Each of the risks below includes links to blog posts to help you learn more about finding and fixing them.
Resource risks
Running out of resources directly impacts system stability. If your nodes don't have enough CPU or RAM available, they may start slowing down, locking up, or terminating resource-intensive pods to make room.
Setting requests is the first step towards preventing this, because they specify the minimum resources needed to run a pod. Limits are somewhat the opposite and set an upper cap on how much RAM a pod can use, preventing a memory leak from taking all of a node's resources.
- Missing CPU requests: Is enough CPU reserved for your pod?
- Missing memory requests: Does your pod have the minimum amount of RAM it needs?
- Memory limits: Have you set the maximum amount of RAM your pod can use?
Redundancy risks
Unfortunately, containers often crash, terminate, or restart with little warning. Even before that point, they can have less visible problems like memory leaks, network latency, and disconnections. Liveness probes allow you to detect these problems, then terminate and restart the pod.
On the node level, you should set up Kubernetes in multiple availability zones (AZs) for high availability. When these risks are remediated, your system will be able to detect pod failures and failover nodes if there's an AZ failure.
- Missing liveness probes: Do you have liveness probes deployed to restart your pods in case they fail?

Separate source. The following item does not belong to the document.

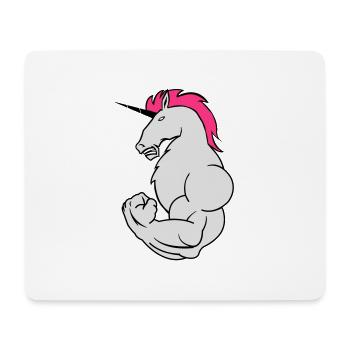 bodybuilding_einhorn_02 - Mousepad (Querformat) - Weiß - Vorne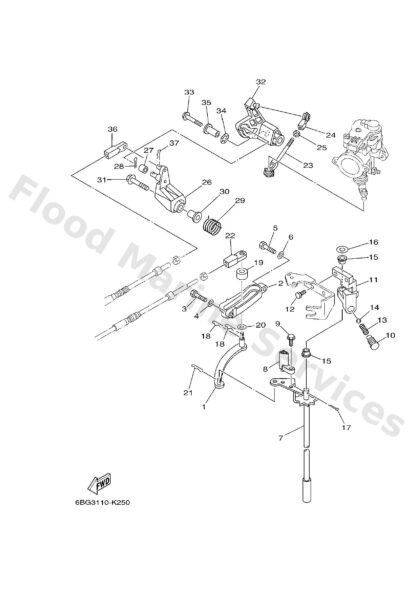 Genuine Yamaha 6C5441200100 - Handle gear shift assy - Supplied by Flood Marine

- No AZ redundancy: Do you have replicas of your pods running in at least two different AZs?
Container deployment risks
If a container crashes, Kubernetes waits for a short delay and restarts the pod. Kubernetes will retry a few times before eventually giving up and giving the container a CrashLoopBackOff status. Similarly, when Kubernetes fails to pull the container image, it will retry for a few minutes until it gives up, then give the container a status of ImagePullBackOff.
There are also times when a pod simply can't be scheduled to run. Commonly, this happens because the cluster doesn't have the resources, or your pod requires a persistent volume that isn't available.
- CrashLoopBackOff: Are your pods in a crash loop?
- ImagePullBackOff: Can your nodes access and retrieve the image they need to create a container?
- Unschedulable pod errors: Do you have enough cluster capacity to run all of your pods?
Application risks
Whenever you update your application, there are hidden reliability risks. Updates typically roll out gradually, not all at once. What happens if your team releases another update before the first rollout finishes? What happens if you push a release while Kubernetes is upgrading itself? You might end up with two different versions running side-by-side.
Another common application risk is introduced by using init containers. These are handy for preparing an environment for the main container, but introduce a potential point of failure where the init container can't run and causes the main container to fail.
- Application version non-uniformity: Is every replica of a pod running the same version?
- Init container errors: Do your init containers complete successfully before your primary container starts?